■ **Task directions**: Please output the section of the listing below that opens with the line containing "گزارش تصویری اردوی" and closes with the line containing "Sun-Hydraulics-U6D", exactly and with nothing else.

■ **Data provided**:
━━━

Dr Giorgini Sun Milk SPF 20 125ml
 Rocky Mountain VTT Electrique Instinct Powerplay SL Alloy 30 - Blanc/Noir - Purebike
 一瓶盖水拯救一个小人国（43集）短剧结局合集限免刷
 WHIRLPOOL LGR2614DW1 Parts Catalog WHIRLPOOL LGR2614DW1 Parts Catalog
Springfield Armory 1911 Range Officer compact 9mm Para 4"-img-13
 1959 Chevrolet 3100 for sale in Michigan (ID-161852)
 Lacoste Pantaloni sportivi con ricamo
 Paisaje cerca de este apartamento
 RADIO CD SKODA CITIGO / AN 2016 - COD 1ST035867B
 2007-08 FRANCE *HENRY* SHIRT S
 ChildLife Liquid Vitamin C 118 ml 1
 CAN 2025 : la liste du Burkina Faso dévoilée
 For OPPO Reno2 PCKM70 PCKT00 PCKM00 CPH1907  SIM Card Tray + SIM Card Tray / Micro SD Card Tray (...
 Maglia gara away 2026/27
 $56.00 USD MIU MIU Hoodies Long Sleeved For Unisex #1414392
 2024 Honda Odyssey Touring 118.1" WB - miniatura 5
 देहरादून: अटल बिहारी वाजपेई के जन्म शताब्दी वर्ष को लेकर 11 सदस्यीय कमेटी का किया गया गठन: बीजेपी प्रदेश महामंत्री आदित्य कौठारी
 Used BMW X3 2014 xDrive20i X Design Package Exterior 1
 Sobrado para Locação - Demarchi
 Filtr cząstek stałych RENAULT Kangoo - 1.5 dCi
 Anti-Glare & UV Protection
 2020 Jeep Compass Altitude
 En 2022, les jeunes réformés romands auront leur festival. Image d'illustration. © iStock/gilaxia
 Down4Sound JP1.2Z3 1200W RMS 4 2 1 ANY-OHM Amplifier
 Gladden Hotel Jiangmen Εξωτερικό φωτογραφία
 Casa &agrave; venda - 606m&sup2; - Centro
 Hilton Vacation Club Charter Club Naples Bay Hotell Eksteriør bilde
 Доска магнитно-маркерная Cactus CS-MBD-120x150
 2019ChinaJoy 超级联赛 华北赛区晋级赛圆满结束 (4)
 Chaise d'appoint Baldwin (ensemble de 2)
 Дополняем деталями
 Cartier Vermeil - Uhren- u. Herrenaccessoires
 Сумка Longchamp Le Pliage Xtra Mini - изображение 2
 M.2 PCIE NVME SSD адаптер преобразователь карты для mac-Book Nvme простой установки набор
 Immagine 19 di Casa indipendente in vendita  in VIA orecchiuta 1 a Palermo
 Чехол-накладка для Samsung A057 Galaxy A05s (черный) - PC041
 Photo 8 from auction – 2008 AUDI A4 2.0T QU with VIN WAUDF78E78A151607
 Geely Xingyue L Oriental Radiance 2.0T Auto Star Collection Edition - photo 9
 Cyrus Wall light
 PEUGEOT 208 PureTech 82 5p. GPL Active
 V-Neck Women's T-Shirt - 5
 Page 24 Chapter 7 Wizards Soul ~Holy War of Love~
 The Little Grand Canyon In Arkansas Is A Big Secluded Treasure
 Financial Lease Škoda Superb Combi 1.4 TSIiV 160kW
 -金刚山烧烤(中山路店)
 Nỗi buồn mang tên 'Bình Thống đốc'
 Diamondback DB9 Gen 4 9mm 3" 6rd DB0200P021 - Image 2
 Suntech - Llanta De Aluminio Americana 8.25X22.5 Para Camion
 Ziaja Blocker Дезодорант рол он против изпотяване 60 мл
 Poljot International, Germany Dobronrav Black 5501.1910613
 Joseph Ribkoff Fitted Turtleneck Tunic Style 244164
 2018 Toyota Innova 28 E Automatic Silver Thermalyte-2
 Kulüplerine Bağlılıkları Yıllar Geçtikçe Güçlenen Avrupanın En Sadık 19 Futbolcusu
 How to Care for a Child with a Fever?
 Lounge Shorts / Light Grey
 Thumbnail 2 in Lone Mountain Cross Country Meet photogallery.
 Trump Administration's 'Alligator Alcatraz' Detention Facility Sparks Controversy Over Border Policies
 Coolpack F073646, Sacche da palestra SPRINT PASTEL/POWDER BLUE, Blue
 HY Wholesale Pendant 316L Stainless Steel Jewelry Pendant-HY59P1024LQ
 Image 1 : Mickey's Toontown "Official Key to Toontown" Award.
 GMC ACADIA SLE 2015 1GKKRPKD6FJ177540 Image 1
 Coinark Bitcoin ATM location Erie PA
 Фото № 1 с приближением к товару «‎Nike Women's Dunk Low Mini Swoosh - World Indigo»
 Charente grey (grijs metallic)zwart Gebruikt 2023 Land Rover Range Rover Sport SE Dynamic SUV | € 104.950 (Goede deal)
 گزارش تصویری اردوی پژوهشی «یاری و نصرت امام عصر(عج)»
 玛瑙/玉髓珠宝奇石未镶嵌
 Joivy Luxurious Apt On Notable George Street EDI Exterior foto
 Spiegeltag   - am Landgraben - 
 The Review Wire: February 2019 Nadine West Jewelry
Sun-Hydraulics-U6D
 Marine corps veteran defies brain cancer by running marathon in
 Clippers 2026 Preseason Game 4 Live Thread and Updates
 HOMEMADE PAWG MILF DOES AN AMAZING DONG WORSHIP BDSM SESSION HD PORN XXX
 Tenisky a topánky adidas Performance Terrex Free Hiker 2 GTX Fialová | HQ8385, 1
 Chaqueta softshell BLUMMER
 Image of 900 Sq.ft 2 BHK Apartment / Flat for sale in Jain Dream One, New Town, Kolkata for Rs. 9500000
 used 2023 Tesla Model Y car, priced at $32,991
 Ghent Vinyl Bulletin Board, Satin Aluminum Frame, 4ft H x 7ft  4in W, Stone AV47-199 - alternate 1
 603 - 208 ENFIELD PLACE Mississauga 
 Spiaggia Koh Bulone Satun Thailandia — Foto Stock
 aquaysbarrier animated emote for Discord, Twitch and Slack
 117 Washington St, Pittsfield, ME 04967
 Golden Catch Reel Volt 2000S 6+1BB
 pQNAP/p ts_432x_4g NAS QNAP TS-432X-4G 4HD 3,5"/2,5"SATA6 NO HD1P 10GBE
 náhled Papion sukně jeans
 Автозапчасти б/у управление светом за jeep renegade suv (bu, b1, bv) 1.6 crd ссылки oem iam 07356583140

━━━

■ **Answer box**:
 گزارش تصویری اردوی پژوهشی «یاری و نصرت امام عصر(عج)»
 玛瑙/玉髓珠宝奇石未镶嵌
 Joivy Luxurious Apt On Notable George Street EDI Exterior foto
 Spiegeltag   - am Landgraben - 
 The Review Wire: February 2019 Nadine West Jewelry
Sun-Hydraulics-U6D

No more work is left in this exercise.